There’s a better way to deal with “hate speech,” as the Hit & Run blog over at Reason points out.
That’s why you’ll never hear people like me, or Scott, or Gideon, or any other of the number of freedom-loving thinking people calling for the censorship even of intellectually-dishonest lawprofs. What you will see is us arguing — explaining with reasons, for the non-lawyers reading this — against the ideas they promulgate, and possibly trying to convince them that they might want to reconsider things.
It’s called “convincing,” or “persuading,” but that’s us — arguing person-to-person, or putting up our ideas against the ideas with which we disagree: not trying to punish, or silence, those people, or using the power of the government to prevent the media from publishing their ideas.
“It’s not the media’s job to use its iron fist to enforce social norms in our society,” suggests Justine Tunney. Nor should progressives (or anyone) want it to be! At least not if they care more about achieving actual change than getting points for saying the right thing on Twitter. Shifts in thought and social stigma occur not by those with the “wrong” ideas keeping quiet while those with the right ideas sit around congratulating themselves. If the wrong ideas really are that abhorrent, we shouldn’t need to hide them to discredit them.
If silencing ideas with which we disagree were permissible in America — in other words, if it were not for the First Amendment — African-Americans might still be slaves; women might still be disenfranchised; gays might not be making headway in the quest for freedom. In more ways than one, America would be a very different place.
But as Scott’s other article dealing with speech issues today points out, it’s not just the nannies, and the busybodies, we should worry about. Our own democratically-elected government, allegedly of the People, by the People, and for the People, is ever eager to test the limits of the People’s tolerance for circumscribing the First Amendment.
In “PSA: Stop Helping the Bad Guys, You Twitterers,” he talks about the cutely-named “TweetSmart” campaign in the State of Washington, where law enforcement is “asking” people “to stop tweeting during shootings and manhunts to avoid accidentally telling the bad guys what officers are doing.”
Because, as Scott points out — using nicer language than I employ here — it really fucks things up when criminals stop to check Twitter in the midst of a chase, and thereby manage to evade police.
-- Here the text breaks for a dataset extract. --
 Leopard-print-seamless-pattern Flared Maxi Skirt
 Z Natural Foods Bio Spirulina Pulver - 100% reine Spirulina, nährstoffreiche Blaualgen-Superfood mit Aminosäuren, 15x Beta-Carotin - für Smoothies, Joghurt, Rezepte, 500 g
As the original Associated Press article — in a quote also highlighted by Scott — mentioned:
Seattle photographer Michael Holden said he saw a direct path between asking people not to share crime photos and eventually forbidding them to take them.
A—-yup! It is a direct, short, and often quickly traversed path.
Stopping people, including reporters, from taking pictures was very much in evidence in Ferguson the last two weeks. This demonstration — by the police; I’m not referring to that of the protesters — was ironic in that police proceeded as if there were no First Amendment, in order to run roughshod over nearly every other portion of the Constitution that should have prevented them from doing just about everything they did there.
And there lies the real danger in Sound of Silence: the First Amendment can easily be seen as the Amendment that protects all other Amendments — and the rest of the Constitution. It’s not just that the First Amendment is part of the panoply of unalienable rights we hold: when the protection of the First Amendment is gone, you can bet the rest of our freedoms are essentially history — soon-to-be-forgotten history — as well.
Silence — particularly governmentally-enforced silence — is the death of a free democratic republic.